Оставалось опять вернуться на плещеевские дюны. Вести там раскопки и ждать, когда на Берендеевом болоте найдут еще одно такое поселение. Но подсознательно я чувствовал, что это — одно-единственное. Все остальные, которые могут быть, — другие…
— Что ж ты в Москву нам не написал? — упрекнул Шурика Хотинский. — Я же тебе адрес оставлял!

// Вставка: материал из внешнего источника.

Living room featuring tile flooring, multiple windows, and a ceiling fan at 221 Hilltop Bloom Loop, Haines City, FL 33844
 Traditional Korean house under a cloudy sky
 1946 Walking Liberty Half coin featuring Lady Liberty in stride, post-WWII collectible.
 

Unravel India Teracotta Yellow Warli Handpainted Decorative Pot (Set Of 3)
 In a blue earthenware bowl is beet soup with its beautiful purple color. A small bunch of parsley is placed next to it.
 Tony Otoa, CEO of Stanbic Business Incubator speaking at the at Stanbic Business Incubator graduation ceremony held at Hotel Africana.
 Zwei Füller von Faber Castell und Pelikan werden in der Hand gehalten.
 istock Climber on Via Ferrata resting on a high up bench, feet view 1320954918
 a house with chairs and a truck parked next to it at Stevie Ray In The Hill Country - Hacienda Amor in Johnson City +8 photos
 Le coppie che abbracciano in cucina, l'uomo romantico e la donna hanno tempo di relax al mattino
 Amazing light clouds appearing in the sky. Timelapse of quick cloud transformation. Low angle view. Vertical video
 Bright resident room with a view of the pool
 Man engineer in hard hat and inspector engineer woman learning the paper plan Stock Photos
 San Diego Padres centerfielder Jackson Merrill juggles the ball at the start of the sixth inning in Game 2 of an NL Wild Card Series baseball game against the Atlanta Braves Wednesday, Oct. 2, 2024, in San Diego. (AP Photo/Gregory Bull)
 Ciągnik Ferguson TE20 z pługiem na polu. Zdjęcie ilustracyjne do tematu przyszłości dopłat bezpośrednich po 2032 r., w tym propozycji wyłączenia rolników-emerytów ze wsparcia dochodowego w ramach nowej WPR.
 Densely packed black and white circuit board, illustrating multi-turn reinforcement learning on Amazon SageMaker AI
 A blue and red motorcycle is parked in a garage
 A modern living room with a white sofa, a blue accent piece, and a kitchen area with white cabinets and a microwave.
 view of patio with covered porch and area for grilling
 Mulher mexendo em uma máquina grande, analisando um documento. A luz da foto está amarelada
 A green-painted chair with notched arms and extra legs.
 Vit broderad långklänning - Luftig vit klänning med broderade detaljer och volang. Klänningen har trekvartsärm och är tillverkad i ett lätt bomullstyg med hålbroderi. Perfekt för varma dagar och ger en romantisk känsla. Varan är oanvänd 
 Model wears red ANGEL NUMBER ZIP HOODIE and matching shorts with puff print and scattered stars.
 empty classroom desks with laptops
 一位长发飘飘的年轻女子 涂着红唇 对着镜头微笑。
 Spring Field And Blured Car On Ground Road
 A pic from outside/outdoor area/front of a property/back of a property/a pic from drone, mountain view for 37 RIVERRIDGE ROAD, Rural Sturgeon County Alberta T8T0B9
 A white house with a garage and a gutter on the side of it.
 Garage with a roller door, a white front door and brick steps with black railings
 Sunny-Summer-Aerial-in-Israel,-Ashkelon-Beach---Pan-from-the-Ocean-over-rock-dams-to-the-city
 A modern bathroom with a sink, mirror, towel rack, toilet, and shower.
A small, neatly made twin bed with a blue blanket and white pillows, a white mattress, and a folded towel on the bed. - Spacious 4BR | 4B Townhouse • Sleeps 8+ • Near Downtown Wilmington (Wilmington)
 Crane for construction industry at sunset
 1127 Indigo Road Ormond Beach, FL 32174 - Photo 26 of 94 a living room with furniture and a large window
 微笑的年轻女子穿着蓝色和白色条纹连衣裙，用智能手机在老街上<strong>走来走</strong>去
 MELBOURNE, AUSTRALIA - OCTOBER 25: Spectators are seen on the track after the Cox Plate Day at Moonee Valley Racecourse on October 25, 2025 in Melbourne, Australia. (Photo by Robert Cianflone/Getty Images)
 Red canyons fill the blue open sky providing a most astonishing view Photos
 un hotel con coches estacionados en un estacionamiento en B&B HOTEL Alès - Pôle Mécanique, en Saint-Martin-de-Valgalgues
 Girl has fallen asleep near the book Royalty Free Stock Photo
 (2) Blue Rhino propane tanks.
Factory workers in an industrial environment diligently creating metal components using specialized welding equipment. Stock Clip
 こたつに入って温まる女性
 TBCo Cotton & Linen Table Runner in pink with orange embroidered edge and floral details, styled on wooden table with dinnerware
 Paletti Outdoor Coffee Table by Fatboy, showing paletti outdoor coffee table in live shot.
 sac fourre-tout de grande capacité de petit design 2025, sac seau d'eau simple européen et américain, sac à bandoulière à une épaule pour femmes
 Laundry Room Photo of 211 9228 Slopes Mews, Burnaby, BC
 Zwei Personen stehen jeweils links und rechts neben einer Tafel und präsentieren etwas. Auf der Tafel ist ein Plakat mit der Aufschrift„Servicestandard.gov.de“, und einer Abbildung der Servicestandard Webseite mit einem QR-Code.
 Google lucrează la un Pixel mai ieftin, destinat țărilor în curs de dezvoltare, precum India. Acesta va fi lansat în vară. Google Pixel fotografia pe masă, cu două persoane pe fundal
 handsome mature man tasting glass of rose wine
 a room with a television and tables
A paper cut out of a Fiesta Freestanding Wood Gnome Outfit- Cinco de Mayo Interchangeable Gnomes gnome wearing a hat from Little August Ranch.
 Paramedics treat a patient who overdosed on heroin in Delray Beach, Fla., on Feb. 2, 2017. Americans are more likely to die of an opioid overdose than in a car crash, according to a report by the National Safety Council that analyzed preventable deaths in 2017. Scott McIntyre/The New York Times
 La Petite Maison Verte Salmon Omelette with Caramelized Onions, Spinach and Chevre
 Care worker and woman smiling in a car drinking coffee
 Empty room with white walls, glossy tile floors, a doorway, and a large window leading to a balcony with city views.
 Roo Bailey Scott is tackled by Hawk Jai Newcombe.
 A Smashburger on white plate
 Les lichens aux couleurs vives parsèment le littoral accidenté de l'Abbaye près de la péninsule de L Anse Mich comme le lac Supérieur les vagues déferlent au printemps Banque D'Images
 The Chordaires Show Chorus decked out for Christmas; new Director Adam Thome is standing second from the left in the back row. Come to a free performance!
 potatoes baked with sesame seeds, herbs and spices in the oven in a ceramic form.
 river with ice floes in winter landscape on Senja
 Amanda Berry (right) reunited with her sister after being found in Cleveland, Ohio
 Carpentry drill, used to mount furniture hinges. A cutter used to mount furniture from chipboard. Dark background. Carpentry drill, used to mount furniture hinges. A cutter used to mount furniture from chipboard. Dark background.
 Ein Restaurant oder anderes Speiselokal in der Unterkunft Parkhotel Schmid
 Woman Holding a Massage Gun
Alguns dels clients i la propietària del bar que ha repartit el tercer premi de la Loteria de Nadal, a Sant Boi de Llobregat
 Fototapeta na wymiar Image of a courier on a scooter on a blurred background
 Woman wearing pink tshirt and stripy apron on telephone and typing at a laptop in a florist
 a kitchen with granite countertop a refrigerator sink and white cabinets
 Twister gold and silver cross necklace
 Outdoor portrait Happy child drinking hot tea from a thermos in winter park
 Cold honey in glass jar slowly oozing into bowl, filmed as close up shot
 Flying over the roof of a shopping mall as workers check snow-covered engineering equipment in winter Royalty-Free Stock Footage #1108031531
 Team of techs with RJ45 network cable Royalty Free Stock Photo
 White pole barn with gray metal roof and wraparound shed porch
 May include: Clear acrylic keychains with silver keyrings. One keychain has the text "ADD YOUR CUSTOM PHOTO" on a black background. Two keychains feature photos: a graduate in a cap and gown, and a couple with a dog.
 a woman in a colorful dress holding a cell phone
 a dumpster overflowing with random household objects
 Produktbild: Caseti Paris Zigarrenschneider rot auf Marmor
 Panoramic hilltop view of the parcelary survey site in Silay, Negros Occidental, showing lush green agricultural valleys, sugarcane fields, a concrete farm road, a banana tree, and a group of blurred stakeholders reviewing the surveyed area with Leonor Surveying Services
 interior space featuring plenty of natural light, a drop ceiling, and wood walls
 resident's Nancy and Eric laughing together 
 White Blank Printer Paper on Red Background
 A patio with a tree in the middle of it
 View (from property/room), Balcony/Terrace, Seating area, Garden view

— Я хотел, да потом подумал, что вы и так все знаете, что так нужно, — оправдывался Шурик, на которого нелепость и трагичность всей этой истории тоже подействовали удручающе. — Ведь археолог же он!..
Чтобы отвлечься от горьких мыслей, я начал собирать все, что валялось на поверхности. Но делал это скорее по привычке, механически. Не было ни одушевления, ни напряженности поиска, которые не оставляли меня в прошлый раз. Казалось, был нарушен сам смысл того, что я делаю, Хотинскому нужны были образцы торфа, лежащего под слоем. Взяв лопату, он начал расчищать небольшую площадку возле юго-западного угла прежнего настила, где не было шурфов и ям.
Шурик, сбегав к машине за лопатой, взялся ему помогать, чтобы хоть чем-то загладить свою оплошность.
У меня не выходил из головы рассказ Шурика, что ребята нашли череп. Дважды, трижды неудача! Мы совершенно не знаем древних обитателей этого края. На стоянках погребения встречаются очень редко. Есть могильники на юге, на Дону и на Днепре, известны могильники в Прибалтике и в Карелии, а также на Севере. Мало того, что поселение погибло — погибло погребение берендея! Шурик утверждал, что череп был завернут в бересту. Ни от черепа, ни от бересты ничего не осталось. Береста рассыпалась на кусочки. Череп торжественно несли на палке до поселка, а потом стали играть им в футбол!..
А что, если вся эта береста, что валяется вокруг, из таких же разрушенных погребений?! Право, об этом лучше не думать…
Когда я подошел к Хотинскому, они с Шуриком уже расчистили довольно большую площадку, где проступил рыжий торф. Но меня заинтересовало темное пятно, выступавшее в углу расчищенного квадрата. В пятне торф был слежавшийся, плотный, и в нем торчал небольшой черепок.
Взяв лопату и расчистив площадку пошире, я увидел, что пятно небольшое и овальное — около метра по длинной оси. Яма? Зачем она была выкопана? Настил лежал на сваях и на торфе сантиметров на десять — пятнадцать выше.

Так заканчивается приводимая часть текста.